For more insight on this debate, it is worth revisiting the intellectual thought and evolution of a (capital “S”) Socialist who repeatedly weighed in on this issue one-hundred years ago: Hubert Harrison. The “Father of Harlem Radicalism,” who influenced a generation of black nationalists and leftists, including Marcus Garvey, Cyril Briggs, Richard Moore, Chandler Owens, and A. Philip Randolph, remains one of the more forgotten black radicals of the twentieth century.
Born in the West Indies, Harrison moved to the United States in 1900 at a time famously described by historian Rayford Logan as the “nadir of race relations.” He quickly rejected Republicans (who still remained the preferred party of most black voters) as a solution for African Americans. By 1911, he had become a leader in the Socialist Party and campaigned for Eugene V. Debs in the presidential election the following year. His writings from this period demonstrated a profound hope for the possibility of socialism in addressing the pernicious effects of racism. He wrote in the New York Call that the Socialists were “not a white man’s party or a black man’s party, but the party of the working class. And the historic mission of the Socialist movement is to unite the workers of the world.” And while he did not “expect that the advent of Socialism will at once remove race prejudice,” he claimed that he did “expect that it will remove racial injustice and lighten the black man’s burden” In the end, Harrison hoped socialism would end “exploitation of one group by another, whether that group be social, economic or racial.”1
However, Harrison also continued to sharpen his analysis of racial oppression and harness the power of separate black political organizing. The same year he supported Debs’ presidential run, he formed the Colored Socialist Club as part of the Socialist Party’s first effort to reach black voters. And despite believing that socialism could eventually eradicate all forms of exploitation, he continued to position black political, social, and economic justice as the litmus test for American democracy. “Politically, the Negro is the touchstone of the modern democratic idea,” he wrote. “The presence of the Negro puts our democracy to the proof and reveals the falsity of it.”2 This applied to socialism as well. The “crucial test of Socialism’s sincerity” for Harrison was its ability to champion the cause of black Americans.3
By 1914, Harrison had become disillusioned with the Socialist Party and he moved towards the Industrial Workers of the World (IWW) before striking out in favor of black political organizing under the rallying cry “Race First!” Over the next five years, he emphasized race over class in response to the persistent racism of white Socialists: “We say Race First, because you have all along insisted on [white] Race First and class after when you didn’t need our help.”4 If socialism could be judged on its ability to address the “Negro Question,” as Harrison had argued in 1911, he had concluded by 1920 that it had failed.

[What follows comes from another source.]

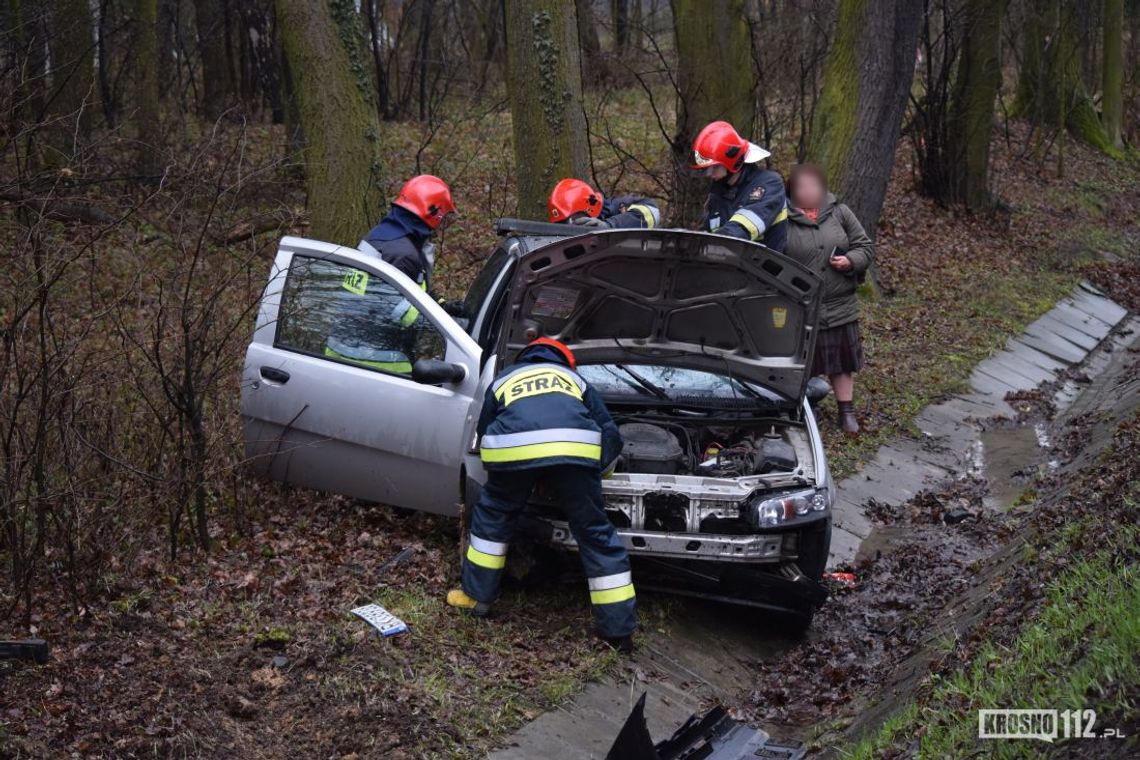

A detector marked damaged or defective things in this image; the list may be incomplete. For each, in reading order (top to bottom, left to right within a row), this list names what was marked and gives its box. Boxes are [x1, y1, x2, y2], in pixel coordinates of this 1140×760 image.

damaged silver car [240, 223, 824, 628] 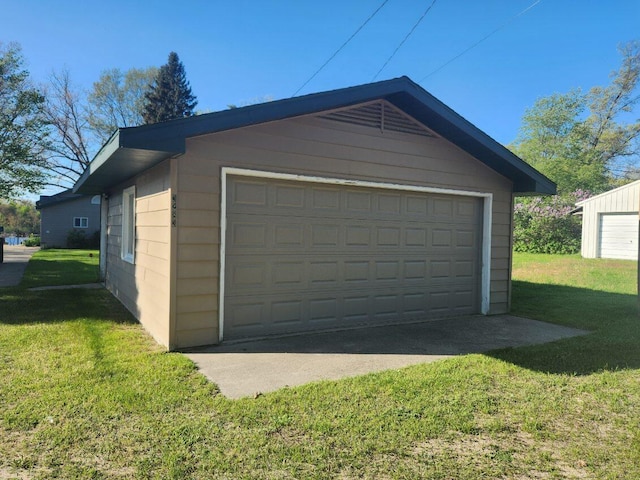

In the months leading up to the 1920 election, Harrison and William Bridges, both critics Marcus Garvey’s reluctance to engage in electoral politics, formed the all-black Liberty Party. The Party grew out of the Liberty League of Negro-Americans which Harrison had first helped organize in 1917, calling for federal anti-lynching legislation and government redress. One legacy of the Liberty League was the “New Negro Movement,” which embodied a similar revolt of young activists against the old guard in black leadership. As Harrison emphasized, the League represented a “breaking away from the orthodox respectable leaders.”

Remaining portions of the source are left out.